I still have a soft spot for the mini-network in Little Rock, Arkansas that I had the pleasure of visiting many years ago, and which seemed to be well-matched to its job.

Photo at a signalised crossroads of city streets. Coming towards the camera is an old-fashioned-looking (but modern) streetcar. It has just taken the straight-ahead route over a switch (points) which offers a diverging route to the left (right of photo). There is other traffic around the streetcar, including SUV-style pickup trucks. The streetcar is in predominantly yellow livery with red doors and roof. It has the name and logotype of Central Arkansas Transit and is numbered 408. The destination blind says "Little Rock Loop". The streetcar is collecting current from the overhead trolley wire using its rear trolley connector; we can also see the lowered front trolley connector.
Little Rock, Arkansas. Yes, it’s a 21st-century streetcar. High-floor, but with on-board lifts for step-free access.
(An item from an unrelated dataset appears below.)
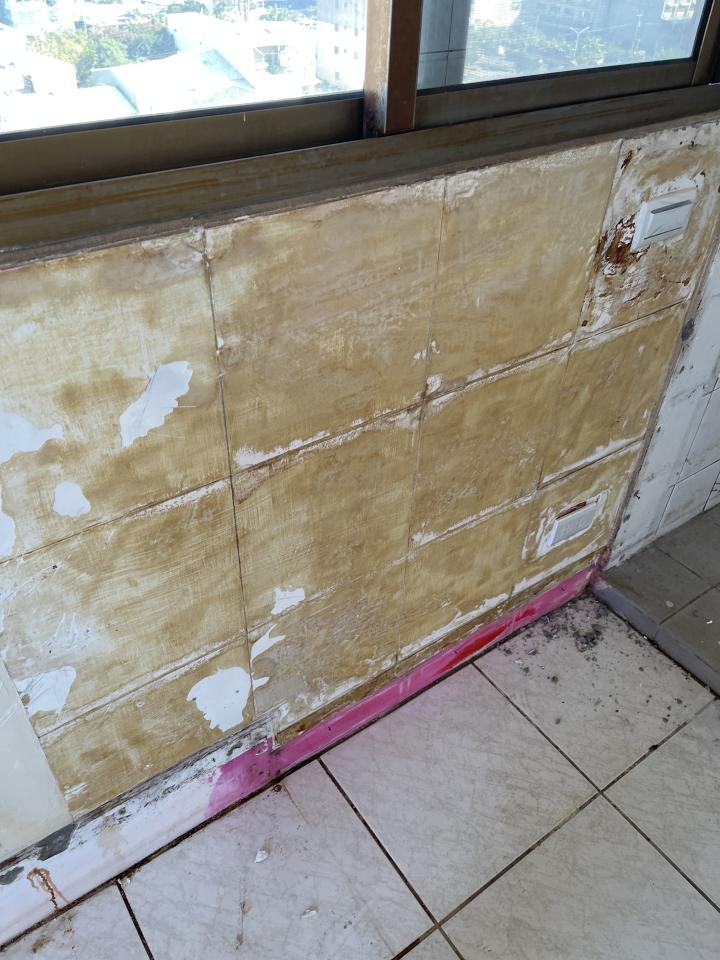 油漆工程案件圖片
If you want to read more about the modern US streetcar concept, how it works and what it seeks to deliver, there are useful guides from the American Public Transportation Association (APTA) and the Community Streetcar Coalition.  APTA also produces guidance on vehicles.
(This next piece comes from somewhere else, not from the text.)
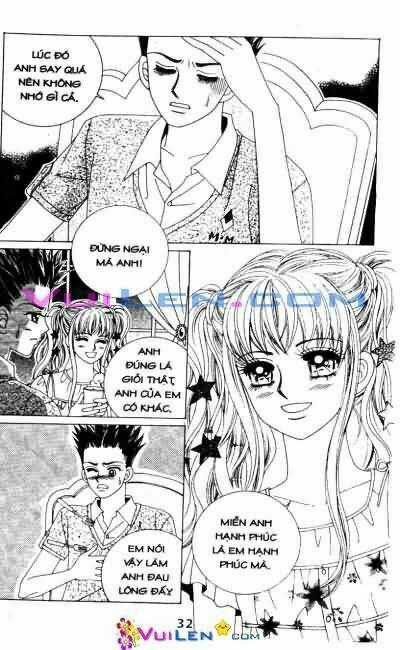 Mùa Ảo Vọng - Strange Pension Chapter 9 trang 31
Finally, I would recommend the book Street Smart: Streetcars and Cities in the Twenty-first Century, edited by Gloria Ohland and Shelley Poticha. It’s out of print but available second-hand online. It has technical information and case studies in a readable style, and is well-illustrated.

Photo of a switch (point) in tramway track, where two tracks become one. We are at the toe end (one track), looking towards the heel (two tracks). The switch is in a concrete track base, alongside a street. The track at the toe end is perpendicular to the street. The diverging route is to the left. Both routes immediately take a sharp right-angle turn left onto the street. The switch has only one switch rail, currently set for the straight-ahead route. On the other toe, where the switch rail would have been, the groove is raised and has bright contact paths on both routes through it, indicating flange-running. Elsewhere on the track, there are bright contact paths on various different areas of the railheads.
Bonus photo for p-way connoisseurs. Little Rock again.